▸ **Problem requirements**:
Copy each line of the records that contains the word "Black".

(Brief descriptive captions)
**********

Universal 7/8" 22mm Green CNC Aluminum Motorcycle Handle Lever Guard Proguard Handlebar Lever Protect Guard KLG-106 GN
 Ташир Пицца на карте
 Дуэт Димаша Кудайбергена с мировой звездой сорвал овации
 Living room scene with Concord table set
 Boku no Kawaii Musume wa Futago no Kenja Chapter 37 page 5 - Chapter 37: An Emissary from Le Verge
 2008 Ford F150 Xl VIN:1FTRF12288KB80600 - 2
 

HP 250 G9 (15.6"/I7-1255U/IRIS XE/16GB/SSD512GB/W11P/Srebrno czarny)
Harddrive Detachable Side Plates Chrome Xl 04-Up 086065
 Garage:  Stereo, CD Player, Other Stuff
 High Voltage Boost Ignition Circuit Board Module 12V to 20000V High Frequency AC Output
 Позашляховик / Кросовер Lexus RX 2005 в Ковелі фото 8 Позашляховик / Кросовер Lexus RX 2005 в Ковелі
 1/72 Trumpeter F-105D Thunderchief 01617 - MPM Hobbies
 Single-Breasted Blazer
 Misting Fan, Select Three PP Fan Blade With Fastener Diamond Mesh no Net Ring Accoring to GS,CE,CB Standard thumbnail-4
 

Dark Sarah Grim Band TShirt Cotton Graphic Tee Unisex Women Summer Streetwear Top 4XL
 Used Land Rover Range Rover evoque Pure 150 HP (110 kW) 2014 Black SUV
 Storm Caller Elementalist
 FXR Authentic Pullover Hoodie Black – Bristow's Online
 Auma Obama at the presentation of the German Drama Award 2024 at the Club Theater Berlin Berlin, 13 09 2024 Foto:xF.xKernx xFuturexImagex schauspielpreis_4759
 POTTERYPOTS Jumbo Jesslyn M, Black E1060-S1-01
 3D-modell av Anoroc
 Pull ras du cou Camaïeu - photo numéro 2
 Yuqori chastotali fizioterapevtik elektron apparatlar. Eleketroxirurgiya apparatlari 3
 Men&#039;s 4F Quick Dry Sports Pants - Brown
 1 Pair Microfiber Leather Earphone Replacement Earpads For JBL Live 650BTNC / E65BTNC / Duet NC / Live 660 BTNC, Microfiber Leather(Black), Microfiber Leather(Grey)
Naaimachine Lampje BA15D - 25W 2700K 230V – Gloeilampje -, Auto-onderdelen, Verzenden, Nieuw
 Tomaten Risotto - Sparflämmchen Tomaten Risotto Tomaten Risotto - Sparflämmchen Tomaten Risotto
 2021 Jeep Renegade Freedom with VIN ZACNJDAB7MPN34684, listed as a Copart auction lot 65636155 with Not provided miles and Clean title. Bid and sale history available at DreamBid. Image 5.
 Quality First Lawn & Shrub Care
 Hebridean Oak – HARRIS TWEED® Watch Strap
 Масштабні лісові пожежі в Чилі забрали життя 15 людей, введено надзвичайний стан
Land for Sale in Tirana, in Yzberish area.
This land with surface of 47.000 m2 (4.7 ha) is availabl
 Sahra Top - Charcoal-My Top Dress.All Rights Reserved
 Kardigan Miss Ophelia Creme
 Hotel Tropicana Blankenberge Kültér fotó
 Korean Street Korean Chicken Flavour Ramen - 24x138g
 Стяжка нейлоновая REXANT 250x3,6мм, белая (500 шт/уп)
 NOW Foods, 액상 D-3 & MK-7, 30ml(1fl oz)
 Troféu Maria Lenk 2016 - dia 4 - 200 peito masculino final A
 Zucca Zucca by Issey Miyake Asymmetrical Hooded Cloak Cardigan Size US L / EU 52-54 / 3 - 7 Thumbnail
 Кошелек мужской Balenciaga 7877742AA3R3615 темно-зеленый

**********

▸ **Result for this exercise**:
 Used Land Rover Range Rover evoque Pure 150 HP (110 kW) 2014 Black SUV
 FXR Authentic Pullover Hoodie Black – Bristow's Online
 POTTERYPOTS Jumbo Jesslyn M, Black E1060-S1-01
 1 Pair Microfiber Leather Earphone Replacement Earpads For JBL Live 650BTNC / E65BTNC / Duet NC / Live 660 BTNC, Microfiber Leather(Black), Microfiber Leather(Grey)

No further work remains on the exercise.